The Incredible Shrinking Toilet Paper | The Source Weekly - Bend

The Incredible Shrinking Toilet Paper

Today The Eye turns from inconsequential matters like health care reform, the state budget deficit and real estate fraud and focuses on an issue of more intimate concern to our readers: the shrinking size of the toilet paper in public restrooms.

I’ve been noticing this trend for the past couple of years, but I was pushed over the brink of outrage when I went into the men’s room in Café Yumm in the Old Mill District the other day and saw a roll of toilet paper that appeared to have been made for a dollhouse.

An actual side-by-side measurement of the mini-toilet paper next to a piece of normal, home-style toilet paper (from my own home, actually) revealed that the teeny-weeny toilet paper is a mere 3.75” in width compared to 4.5” for the “regular” version – a difference of a full three-quarters of an inch.

(NOTE: The toilet paper sold to the public for home consumption has been decreasing in width too, by about half an inch, but that’s a different issue.)

Moreover, the restaurant mini-toilet paper is made of a flimsy, wimpy, gossamer substance that looks like it might have been woven from spider webs. (On second thought, it doesn’t – spider webs would be stronger.) This pathetic stuff is barely adequate for wiping a child’s nose, much less performing the more robust function for which it was ostensibly intended.

What’s the motive behind the shrinkage? Well, it could be cost savings. Or, because Café Yumm tries to project such an eco-conscious image, it could be a “green” gesture. Saving trees, reducing carbon emissions and all that.

Either way it doesn’t make sense – because a patron is going to have to reel off about 40 feet of the stuff to get the job done properly.

Personally, I would rather feed a dime or quarter into a dispenser to get a supply of real toilet paper than have to deal with this pathetic substitute.

But why should we have to?
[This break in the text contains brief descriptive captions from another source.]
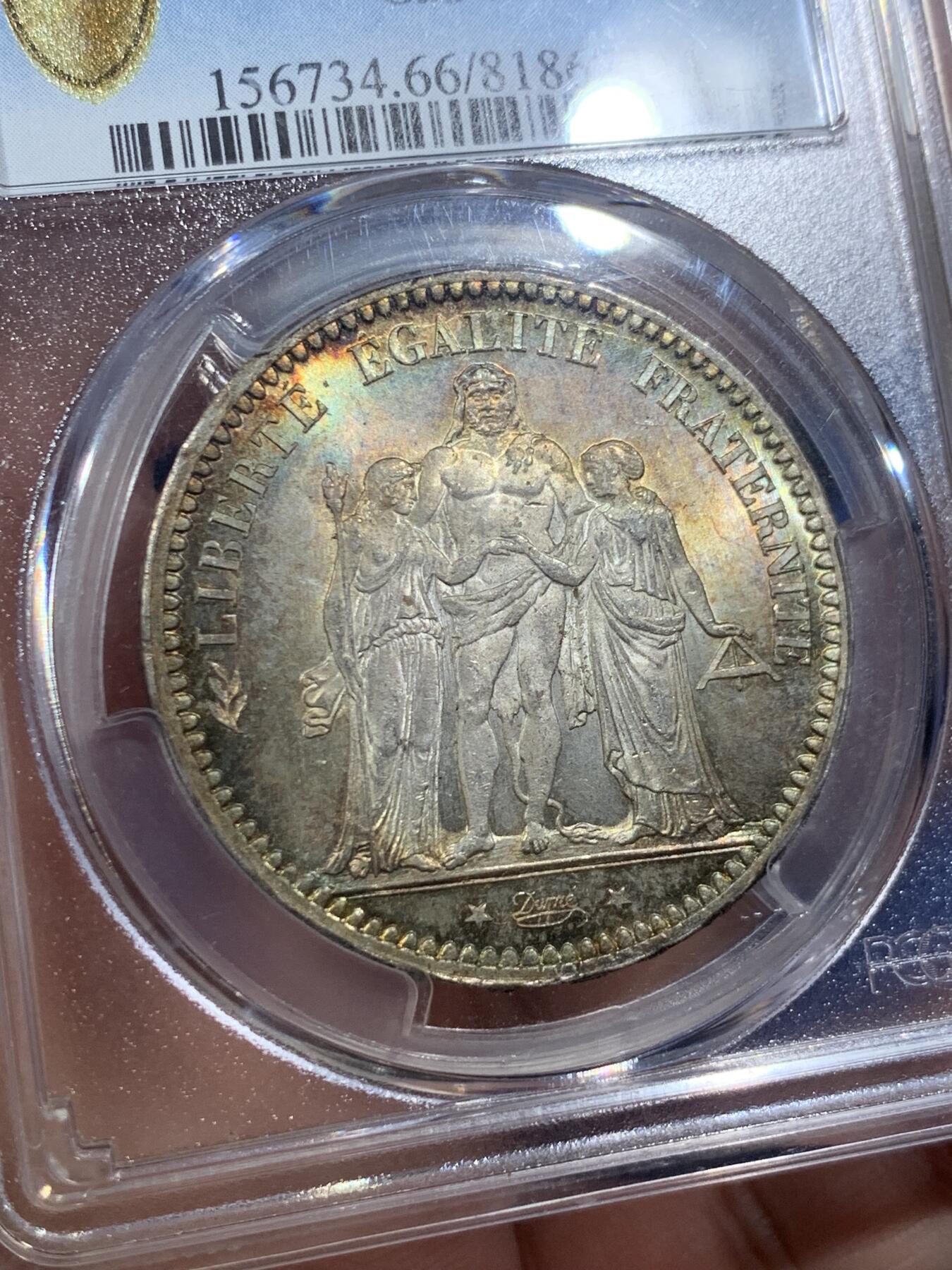 《竞宝斋》第407场 周日，周一，2场连拍 （全场包邮） PCGS MS66 法国1873年大力神5法郎银币，该版本最高分67分，这枚细节完美，正反面细节突出，视线所及之处皆为五彩，难得藏品。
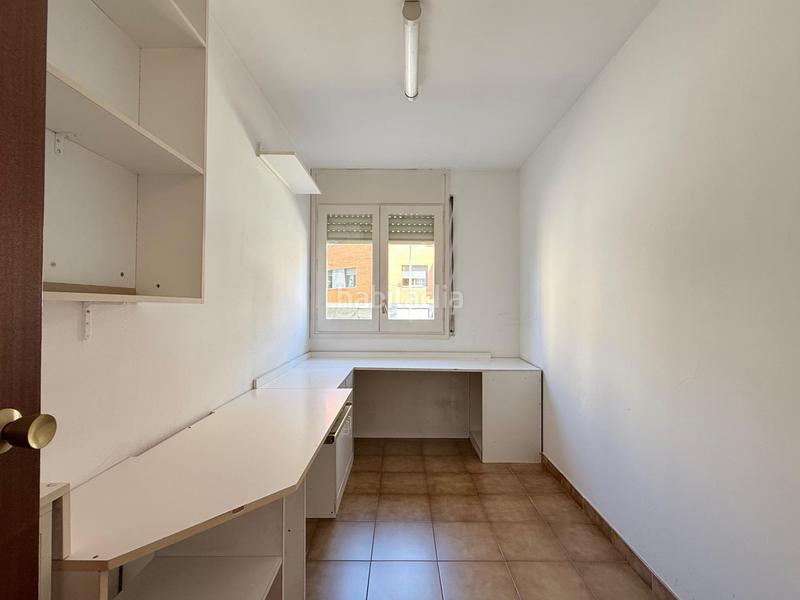 Foto a9c2854f-d16c-49fa-8251-9cff336cdd8d. Piso fantástico, amplio y luminoso piso en venta en Igualada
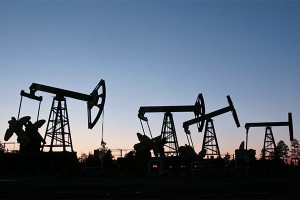 Нефти предсказали отскок до $50 за баррель Нефти предсказали отскок до $50 за баррель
Doesn’t restaurant food cost enough these days to expect the management to provide us with decent, functional toilet paper instead of this … this … excremental substitute?

It’s time to call the restaurants that perpetrate this fraud to account, and I look forward to getting help from the readers of this blog to do it. Let me know about inadequate toilet paper when you find it and I’ll pass the word on.

You can even mail or drop off samples at the Source as evidence – unused, of course.